“Uncomfortable.”
She nodded.
Jeff sighed and prodded at his lunch. Reheated spaghetti swimming in way too much tomato sauce. A limp piece of bread with no butter. Two celery sticks. “It was.”
Maya rested her chin in her hand. Her lunch was already gone, along half his bread. “But he took it well. That’s good.”
Was it? Jeff dredged his plastic fork through the fat noodles. “Part of me keeps hoping he’ll be like that jerkoff.”
He didn’t need to specify which one. It was a careful code of theirs, where “jerkoff” could only mean the playground bully.
“Not everyone’s like that,” said Maya. Her gaze softened. “I’m glad you’re finally getting it, though.”
Jeff rolled his eyes.
She punched him again. Lighter, this time. “Don’t be like that.”

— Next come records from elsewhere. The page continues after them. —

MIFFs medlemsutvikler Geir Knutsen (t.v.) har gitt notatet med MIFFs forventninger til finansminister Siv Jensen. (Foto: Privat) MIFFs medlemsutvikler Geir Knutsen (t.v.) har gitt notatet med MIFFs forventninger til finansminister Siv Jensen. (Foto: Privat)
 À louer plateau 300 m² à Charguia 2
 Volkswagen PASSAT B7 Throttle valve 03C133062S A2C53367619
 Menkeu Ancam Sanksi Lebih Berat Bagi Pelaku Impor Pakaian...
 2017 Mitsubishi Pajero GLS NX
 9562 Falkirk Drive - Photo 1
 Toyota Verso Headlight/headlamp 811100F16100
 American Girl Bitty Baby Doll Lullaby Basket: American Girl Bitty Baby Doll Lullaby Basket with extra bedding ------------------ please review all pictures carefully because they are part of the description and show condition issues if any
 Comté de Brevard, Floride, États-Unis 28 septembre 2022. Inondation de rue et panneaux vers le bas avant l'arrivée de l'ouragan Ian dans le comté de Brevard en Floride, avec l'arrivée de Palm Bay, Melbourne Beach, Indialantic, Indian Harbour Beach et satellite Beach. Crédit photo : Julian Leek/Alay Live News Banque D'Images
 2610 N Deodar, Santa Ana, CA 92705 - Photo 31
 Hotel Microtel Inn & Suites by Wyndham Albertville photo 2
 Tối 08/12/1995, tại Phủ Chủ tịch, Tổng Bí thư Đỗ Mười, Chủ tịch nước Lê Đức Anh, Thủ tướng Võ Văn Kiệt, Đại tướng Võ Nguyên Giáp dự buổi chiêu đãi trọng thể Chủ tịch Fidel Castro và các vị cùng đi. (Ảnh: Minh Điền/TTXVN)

He rubbed his forehead, annoyed at the thin beads of sweat. Like just thinking of Braeden raised his body temperature. “I didn’t mean to.”
“Tell him?”
Jeff gave up on his food and dropped the fork into the soupy sauce. He shoved the tray away, his stomach lurching. “He asked about you, and I made it about myself. That makes me more of an asshole.”
Maya tucked a lock of hair behind her ear, her gaze distant. “I don’t think so. He’s been trying to get to know you, so you gave him what he wanted. And something positive came out of it. What’s so bad about that?”
“I don’t know,” he muttered. “I just keep expecting this to blow up in my face.”
After the space of a breath, skinny arms wrapped around his shoulders. Any other day Jeff might have shoved her off, but this was needed. His mind was muddied. He’d never meant for things to go this far.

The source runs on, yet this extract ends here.